12 Replies Latest reply on Oct 16, 2008 5:00 PM by mandg

    Alert not working

    mandg

      I've created an advanced alert to notify me when a node goes down based on the following:


      Status is equal to Down
      Vendor is equal to Windows


      However this doesn't seem to work as I'm not getting alerts when the Windows systems go down. I've used the test feature in the alerts area and successfully received the notifications from this. I've also ensured that the alert is enabled. Is there something obvious that I'm missing?

        • Re: Alert not working
          aLTeReGo

          "Status" should be "Node Status". See the following screenshot


            • Re: Alert not working
              mandg

              Yes, I'm sorry- typo on my part. ""Node Status" is configured in the query (I don't believe there is a "Status" only option).


              Perhaps some other obvious item I'm missing? Is anyone else successfully using "Vendor" in their Alert condition?

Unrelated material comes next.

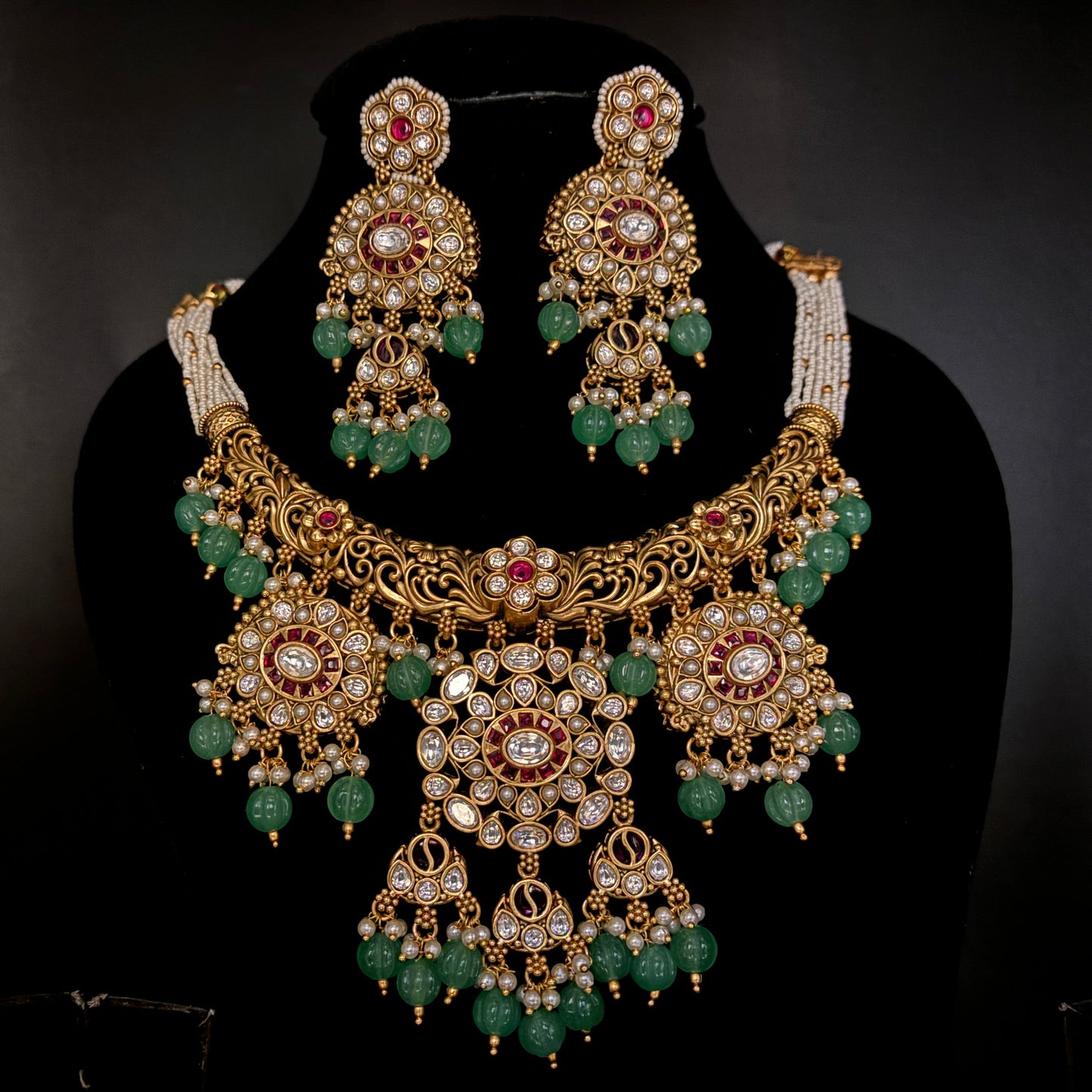 Heritage Necklace Set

                • Re: Alert not working
                  aLTeReGo

                  I'm anxious to hear what kind of response you get back from either the Thwack community or Solarwinds themselves. I'd like to do something similar with my alerts, but before I go and break something that's currently working I would like to know if this is suppose to work. Honestly I don't see any reason why it shouldn't, but then again I just use the code, I don't write it. :)

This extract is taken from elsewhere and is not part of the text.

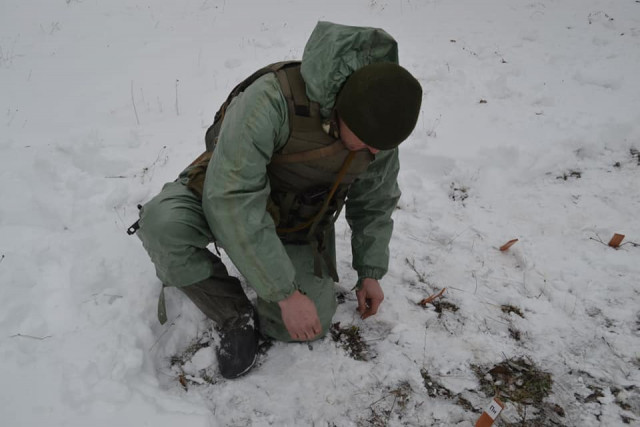 Українські військові провели радіаційне і хімічне спостереження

                  • Re: Alert not working
                    qle
                    If your alert is as aLTeReGo posted, it should definitely work. I've defined an alert similar to this and it's been working fine for us. Just to double-check, you have both conditions created and the property to monitor (at the top) is set to "Node"?
                      • Re: Alert not working
                        mandg
                        Well I think I figured it out and, of course, user error was likely the cause. There was an additional condition in the Alert that specified "Vendor = VMware". Thus, the logic of the Alert was waiting for a 'Windows' system AND a 'VMware' system to be in 'Down Status' before triggering the alert. So I stripped out the Vendor = VMware condition and it seems to be working- albeit not real time. Which brings me to my next question- Where can I lower the response time to see when a system is down. Currently, when I disable a particular systems network interface, it takes about 4 minutes for me to receive the Alert. Such a delta would miss a majority of system restarts (which is really what I'd like this alert to monitor).

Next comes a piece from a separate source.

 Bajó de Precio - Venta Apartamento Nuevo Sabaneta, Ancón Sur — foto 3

                        Thanks again for the support.

                          • Re: Alert not working
                            qle
                            When you test it, by disabling the interface, how long does it take for it to show down in Orion?
                              • Re: Alert not working
                                mandg

                                Well, Orion is still set at the default 4 minute interval for the page to refresh. But I manually kept refreshing after disabling the interface and, at about 120 seconds, it went to warning, and then another 60-120 seconds, it changed to 'Down' status and I received an alert (email). within seconds. So, it seems that NPM is the slowest link- I have changed the poll interval for NPM down from 120 seconds to 60. Is there some setting that sets the node in 'Down' state immediately after 60 seconds instead of 'Warning' (as seen in Orion)? (Though I think the 'Warning' is related to packet loss...)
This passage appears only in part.